How do I pass a TensorFlow Dataset through a TensorFlow Transform pipeline?

358 Views Asked by At

I have implemented a custom TensorFlow Dataset for my raw data. I can download, prepare, and load the data as a tensorflow.data.Dataset as follows:

import tensorflow_datasets

builder = tensorflow_datasets.builder("my_dataset")
builder.download_and_prepare()
ds = builder.as_dataset()

I want to transform this data in a TensorFlow Transform pipeline for model training.
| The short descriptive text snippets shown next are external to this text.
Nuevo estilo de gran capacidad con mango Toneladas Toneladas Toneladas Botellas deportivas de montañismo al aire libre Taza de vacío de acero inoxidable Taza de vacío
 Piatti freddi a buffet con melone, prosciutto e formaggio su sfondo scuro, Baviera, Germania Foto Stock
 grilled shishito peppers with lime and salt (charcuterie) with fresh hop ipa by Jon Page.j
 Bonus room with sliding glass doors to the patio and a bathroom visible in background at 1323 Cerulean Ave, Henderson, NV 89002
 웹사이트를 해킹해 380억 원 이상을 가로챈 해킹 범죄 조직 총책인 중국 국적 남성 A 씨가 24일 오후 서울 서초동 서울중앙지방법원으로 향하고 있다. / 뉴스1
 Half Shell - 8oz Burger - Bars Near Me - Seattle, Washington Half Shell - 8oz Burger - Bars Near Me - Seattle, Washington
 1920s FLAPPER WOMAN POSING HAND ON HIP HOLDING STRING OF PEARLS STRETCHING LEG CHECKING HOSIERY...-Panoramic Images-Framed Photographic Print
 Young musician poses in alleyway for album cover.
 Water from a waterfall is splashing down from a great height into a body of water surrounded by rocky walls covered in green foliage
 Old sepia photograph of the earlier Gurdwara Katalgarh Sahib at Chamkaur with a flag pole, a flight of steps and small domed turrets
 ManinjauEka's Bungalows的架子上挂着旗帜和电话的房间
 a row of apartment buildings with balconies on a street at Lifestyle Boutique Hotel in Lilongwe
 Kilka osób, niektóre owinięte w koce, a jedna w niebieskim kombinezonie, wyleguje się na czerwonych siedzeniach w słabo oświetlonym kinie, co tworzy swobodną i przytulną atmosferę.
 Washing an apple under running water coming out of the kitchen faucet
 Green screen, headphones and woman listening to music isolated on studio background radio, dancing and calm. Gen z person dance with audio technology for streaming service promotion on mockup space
However, the only way I have been able to pass the dataset in to the transform pipeline is by converting it to instance dicts and passing in raw data metadata.

instance_dicts = tensorflow_datasets.as_dataframe(ds).to_dict(orient="records")
with tensorflow_transform.beam.Context():
    (transformed_data, _), transform_fn = (
        instance_dicts,
        RAW_DATA_METADATA,
    ) | tensorflow_transform.beam.AnalyzeAndTransformDataset(
        preprocessing_fn, output_record_batches=True
    )

Is there an easier and more memory efficient way of passing a TensorFlow Dataset to a TensorFlow Transform pipeline?

1

There are 1 best solutions below

0
Pierce Edmiston On

In this case, the easier and more memory efficient way to pass a Tensorflow Dataset to a Tensorflow Transform pipeline is to reference the TFRecord files written by the Tensorflow Dataset Builder's download_and_prepare() job.

import apache_beam
from apache_beam.io import tfrecordio

examples_dir = tensorflow_datasets.builder("my_dataset").info.data_dir
examples_file_pattern = f"{examples_dir}/my_dataset-*"

with apache_beam.Pipeline() as pipeline:
    with tensorflow_transform.beam.Context():
        raw = pipeline | tfrecordio.ReadFromTFRecord(file_pattern=examples_file_pattern)

To transform the raw data, create a TFXIO from a feature spec.

from tensorflow_transform.tf_metadata.schema_utils import schema_from_feature_spec
from tfxio.public import tfxio

example_spec = {
    "token": tensorflow.io.FixedLenFeature([], tensorflow.string),
    "label": tensorflow.io.FixedLenFeature([], tensorflow.string),
}
schema = schema_from_feature_spec(example_spec)
tfexample_tfxio = tfxio.TFExampleBeamRecord(physical_format=["tfrecord"], schema=schema)

Then in the pipeline, convert the PCollection to a Beam source, and provide the appropriate adapter to convert RecordBatch to Tensors.

        # ...
        (transformed_data, _), transform_fn = (
            (raw | tfexample_tfxio.BeamSource()),
            tfexample_tfxio.TensorAdapterConfig(),
        ) | tensorflow_transform.beam.AnalyzeAndTransformDataset(
            preprocessing_fn, output_record_batches=True
        )